2. The method of claim 1 , further comprising, iteratively, until the image has been fully processed:
selecting a portion of the image;
detecting bodies within the selected portion of the image;
determining one or more regions within the selected portion of the image based on the detected bodies;
detecting one or more heads within the one or more regions; and
identifying entities within the one or more regions based on the detected one or more heads; and
determining entities within the image based on the determined entities within the regions.
3. The method of claim 1 , further comprising sampling images from a video feed at a predetermined sampling rate.
4. The method of claim 1 , further comprising eliminating duplicate detected heads.

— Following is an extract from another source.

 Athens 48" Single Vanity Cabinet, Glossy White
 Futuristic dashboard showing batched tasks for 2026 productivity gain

5. The method of claim 1 , wherein one or more of (i) the detecting one or more bodies within the image, (ii) determining one or more regions within the image, or (iii) detecting one or more heads is performed by a camera.

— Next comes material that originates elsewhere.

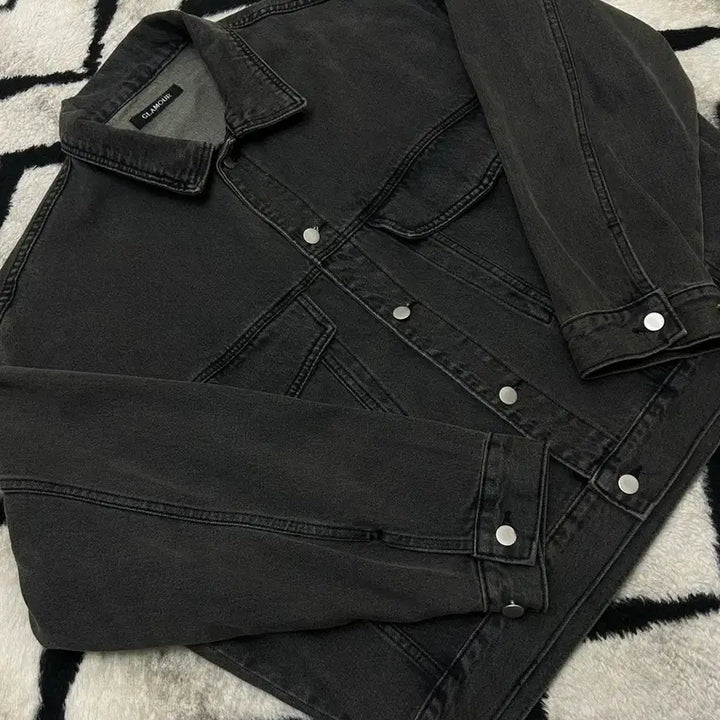 [BUNJANG] Glamour Two-Pocket Black Denim Trucker Jacket / [실측2XL]Glamour 투포켓 흑청 데님 트러커 자켓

6. The method of claim 1 , further comprising outputting a number of determined entities within the image.
7. The method of claim 1 , wherein the detecting the one or more bodies is based on a first confidence threshold and identifying the one or more heads is based on a second confidence threshold, the first confidence threshold lower than the second confidence threshold.
8. A device comprising:
a non-transitory computer-readable medium; and
a processor communicatively coupled to the non-transitory computer-readable medium and configured to execute processor-executable instructions stored in the non-transitory computer-readable medium, the processor-executable instructions configured to cause the processor to:
receive an image of a scene;
detect one or more bodies within the image;
determine one or more regions within the image based on the detected one or more bodies;
detect one or more heads within the one or more region; and
determine entities within the one or more regions based on the detected one or more heads.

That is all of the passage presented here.